TASK OBJECTIVE:
Having located the line with "Cat eye gecko", repeat it and all remaining lines of the records exactly. Pictures do not belong in the answer.

SUPPLIED DATA:
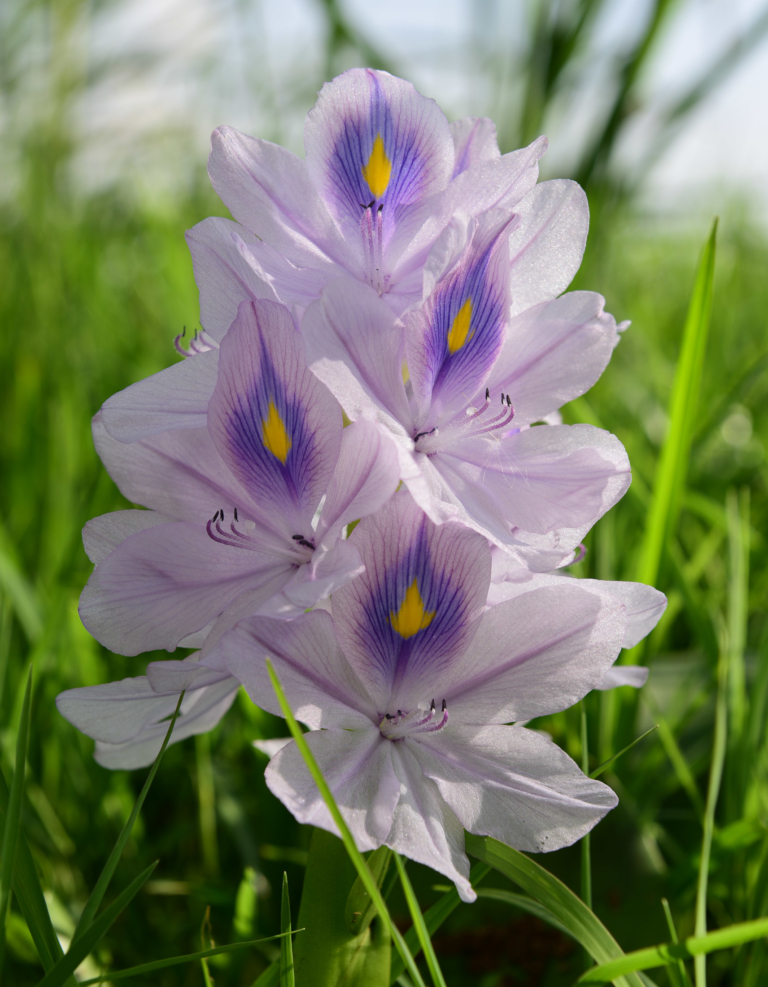 ethiopian-flower-monika-salzmann-travel-photography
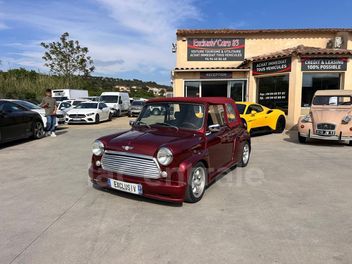 ROVER MINI CABRIONI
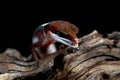 Cat eye gecko closeup on wood Royalty Free Stock Photo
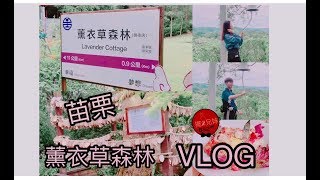 VLOG 薰衣草森林的最後一天！苗栗明德店結束營業？！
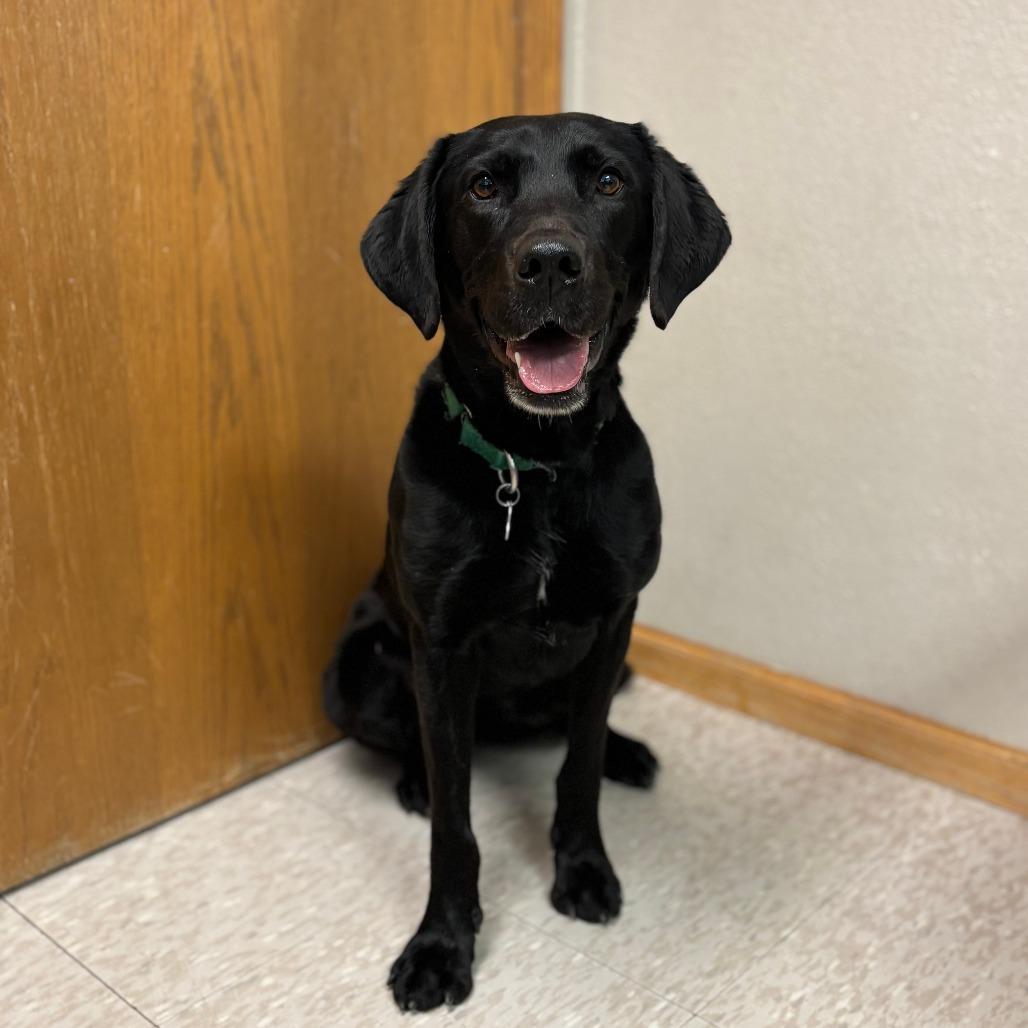 An adult medium-sized female Black Labrador Retriever dog named Sunday for adoption in Fargo, ND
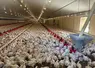 Elevage de poulets du quotidien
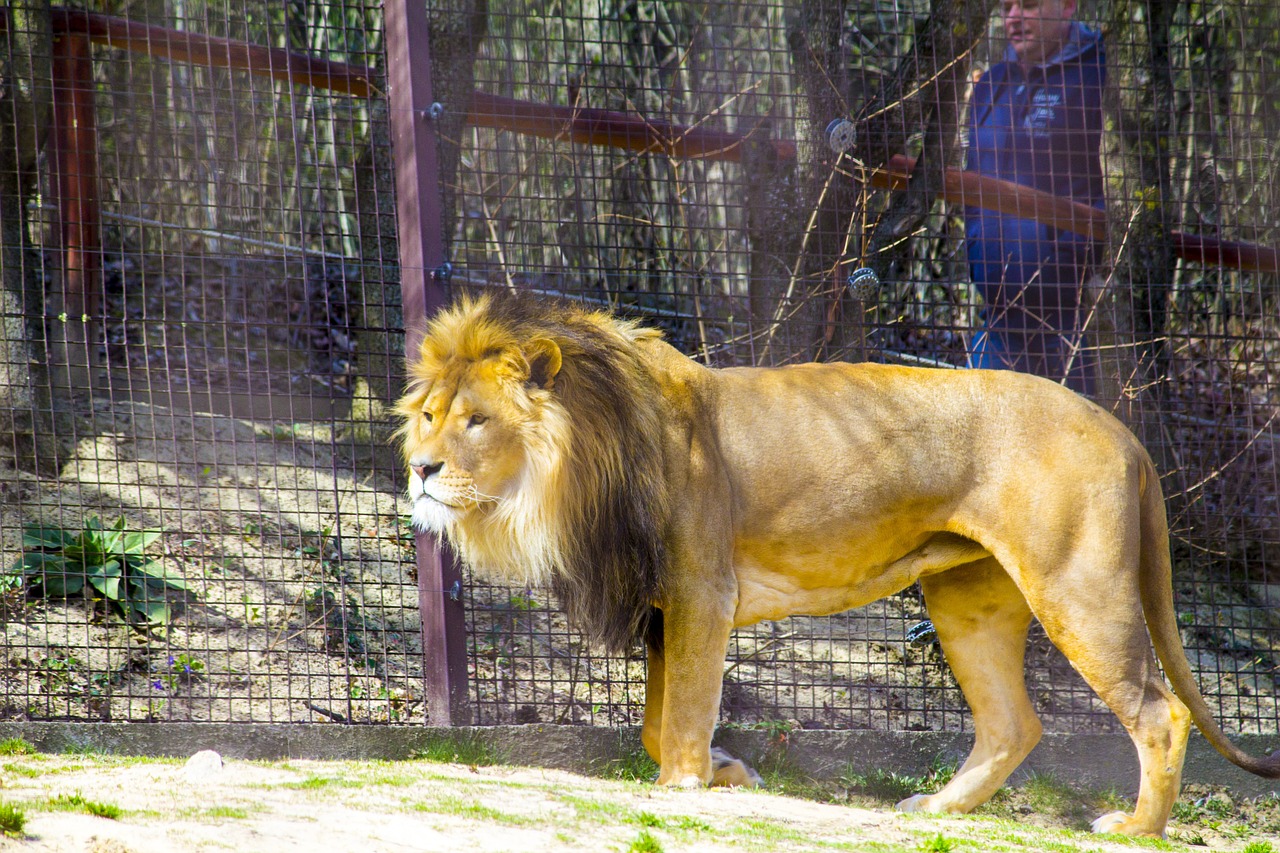 lion zoo predator free photo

ANSWER TO THIS PROBLEM:
 Cat eye gecko closeup on wood Royalty Free Stock Photo
 VLOG 薰衣草森林的最後一天！苗栗明德店結束營業？！
 An adult medium-sized female Black Labrador Retriever dog named Sunday for adoption in Fargo, ND
 Elevage de poulets du quotidien
 lion zoo predator free photo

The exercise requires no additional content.